Defendant alleges that the indictment was dismissed during the hearing on defendant's motion to dismiss the indictment for delay in prosecution. At that hearing on April 1, 1976, defendant Waite took the witness stand, testified, and was cross-examined. Following re-direct testimony, the prosecutor made a lengthy statement which the court mistakenly assumed was the government's concluding argument. Defense counsel then offered argument in response. See Transcript of April 1, 1976, at pp. 47-54. The court stated that there appeared to have been unnecessary delay and that the indictment would be dismissed. Immediately thereafter, as court was being recessed, the prosecutor advised the court that the government had not yet presented its witness, and the court promptly announced that the government's testimony would be heard following the noon recess. Although the transcript does not reflect this last exchange, the transcript does indicate that the parties returned to the courtroom following the noon recess for the conclusion of the hearing. After listening to the testimony of FBI Agent Joseph W. Vidovich, the court concluded that the government had shown some necessity for the extended investigation in this matter. See memorandum order filed April 2, 1976.
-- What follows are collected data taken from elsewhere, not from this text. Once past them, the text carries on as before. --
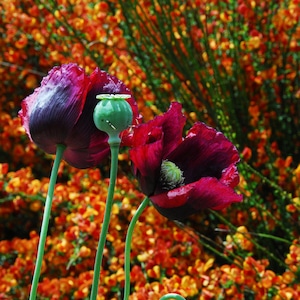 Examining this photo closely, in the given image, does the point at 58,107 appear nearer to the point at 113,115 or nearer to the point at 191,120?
the point at 113,115

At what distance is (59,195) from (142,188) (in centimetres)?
116

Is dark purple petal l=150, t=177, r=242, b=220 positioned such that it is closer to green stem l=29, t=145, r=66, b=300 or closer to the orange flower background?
green stem l=29, t=145, r=66, b=300

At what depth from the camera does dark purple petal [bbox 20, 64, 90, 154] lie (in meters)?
0.60

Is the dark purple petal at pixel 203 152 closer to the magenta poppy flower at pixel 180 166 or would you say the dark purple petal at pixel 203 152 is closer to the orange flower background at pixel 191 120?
the magenta poppy flower at pixel 180 166

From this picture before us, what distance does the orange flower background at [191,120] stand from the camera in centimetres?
141

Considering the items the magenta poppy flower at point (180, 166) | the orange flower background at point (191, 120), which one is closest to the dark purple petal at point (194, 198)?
the magenta poppy flower at point (180, 166)

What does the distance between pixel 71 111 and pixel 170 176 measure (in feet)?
0.34

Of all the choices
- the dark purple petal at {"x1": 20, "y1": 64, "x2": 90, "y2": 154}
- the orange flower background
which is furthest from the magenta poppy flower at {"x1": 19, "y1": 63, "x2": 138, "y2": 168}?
the orange flower background

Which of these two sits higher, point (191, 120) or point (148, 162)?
point (148, 162)

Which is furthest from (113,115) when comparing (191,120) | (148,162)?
(191,120)

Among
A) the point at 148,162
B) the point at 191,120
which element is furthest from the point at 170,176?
the point at 191,120

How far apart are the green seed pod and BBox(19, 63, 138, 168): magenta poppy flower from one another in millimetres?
58

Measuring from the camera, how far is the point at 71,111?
598mm

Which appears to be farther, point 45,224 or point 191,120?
point 191,120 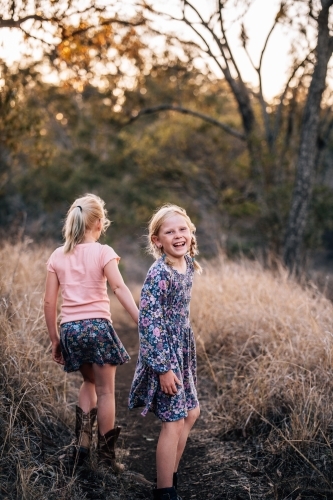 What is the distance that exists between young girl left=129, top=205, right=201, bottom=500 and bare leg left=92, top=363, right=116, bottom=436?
0.93ft

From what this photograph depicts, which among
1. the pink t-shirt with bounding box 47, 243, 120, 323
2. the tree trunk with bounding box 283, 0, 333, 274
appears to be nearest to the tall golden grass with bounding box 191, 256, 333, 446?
the pink t-shirt with bounding box 47, 243, 120, 323

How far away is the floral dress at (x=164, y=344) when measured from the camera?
2900mm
By withdrawing the oral order and allowing the government to present its witness, the court was neither reopening a final judgment nor permitting relitigation of an issue which had been determined. In these circumstances, the oral ruling by the court had no legal significance. In a similar situation, the United States Court of Appeals for the District of Columbia Circuit held that such an oral ruling did not constitute a judgment of acquittal barring further prosecution. United States v. Green, 134 U.S. App. D.C. 278, 414 F.2d 1174, 1175 (1969). See also United States v. Jerry, 487 F.2d 600, 604-606 (3rd Cir. 1973).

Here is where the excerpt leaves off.